Retype exactly the stretch of lines that begins at the line containing "Graduation Party 2024" and ends at the last line of the data, with no other lines.

## [Input data]
BEGIN

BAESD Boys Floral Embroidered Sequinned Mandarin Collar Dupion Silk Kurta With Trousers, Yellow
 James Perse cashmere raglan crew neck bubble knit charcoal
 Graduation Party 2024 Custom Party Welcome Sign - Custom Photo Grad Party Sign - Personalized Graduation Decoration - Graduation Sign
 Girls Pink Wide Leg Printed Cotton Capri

END

## [Response below]
 Graduation Party 2024 Custom Party Welcome Sign - Custom Photo Grad Party Sign - Personalized Graduation Decoration - Graduation Sign
 Girls Pink Wide Leg Printed Cotton Capri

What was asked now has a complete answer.